The imagery of ‘borrowed light’ reflects Lanyer’s association of Mary’s literary reputation which is achieved through Philip’s reputation, or ‘light’. The fricative alliteration ‘Phoebus would afford from his faire face’ (emphasis my own) draws the reader’s attention to how the light comes from Phoebus, or Philip, and that Mary’s reputation is not achieved solely through her own work. This is a hidden textual critique of the way such patronage circles function, which discriminate on the basis of class rather than ability. This reveals undertones of Lanyer’s own jealousy, but is reminiscent of Mary Sidney’s ‘Angell Spirit’ where ‘thy lightning beame gives lustre to the rest’. The reuse of this imagery implies that Lanyer thinks that Mary should be willing to share her ‘light’ with others, in the form of patronage for Lanyer, in the way that Philip shared his ‘light’ with her. Lanyer is only able to criticize these patronage circles through the use of this hypothetical dream world, as it can break down the typical class barriers of society prevalent in the physical world.

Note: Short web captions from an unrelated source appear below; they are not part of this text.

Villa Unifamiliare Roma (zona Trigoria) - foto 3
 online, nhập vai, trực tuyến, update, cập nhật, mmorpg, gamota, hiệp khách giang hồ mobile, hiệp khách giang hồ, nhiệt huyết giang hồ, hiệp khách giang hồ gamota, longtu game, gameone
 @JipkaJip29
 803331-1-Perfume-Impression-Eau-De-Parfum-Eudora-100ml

Akin to ‘Angell Spirit’, Lanyer also gestures to the humility of her own work calling it a ‘Shepheards weed’ and stating that Mary’s ‘faire mind on worthier workes is plac’d’. In the final three stanzas, Lanyer uses polyptoton ‘worthier’, ‘unworthily’, ‘worthiness’, ‘unworthy’, which creates a dichotomy between Lanyer as ‘unworthy’ and Mary as ‘worthy’. The use of this rhetorical literary technique has a double function, as it demonstrates Lanyer’s classical ability as an author yet also reestablishes a humble tone at the end of her dedicatory poem, in a final plea for patronage. Despite Lanyer’s clear disdain for the elite circles, she concludes her dedicatory poem by conforming to the expected dynamic by aligning herself with unworthiness against Mary’s worthiness. This shows the class divide that led to Lanyer’s work being less well known, compared to the high profile of Mary Sidney’s poems.
These two texts written by authors from different backgrounds illustrate how the Renaissance period was not experienced equally within the constraints of gender, which were also intersected by the constraints of class. In the first section, I outlined how ‘Renaissance’ expands in reference as more work is discovered and considered through a feminist lens. Taking ‘Renaissance’ to mean a ‘rebirth of Classical culture’ and an experience of a humanist education, few women were able to be a part of this movement. Even highly educated women could not benefit from or be fully included in the Renaissance period as their work was overlooked if they were not born into elite circles. This is illustrated by Sidney’s approach to writing and authorship compared with Lanyer’s, whose writing was driven by patronage since class dictated how literary work was received. Although the parameters of ‘Renaissance’ are expanding as the work of more women is reevaluated by contemporary critics, it is still not a wholly suitable term as it ostracised so many women and created such a rigidly patriarchal society. Nevertheless, a small percentage of women did experience the Renaissance, as exemplified by the high-born Mary Sidney. However, her writing still shows signs of a gender divide as she could only justify and develop her work through the elevated position of her late brother. Aemilia Lanyer, in contrast, was denied a lasting place in the Renaissance movement, purely due to her being outside such elite circles. These contrasting paratexts highlight the different authorial motivations for women, which are not just defined by gender but also by class.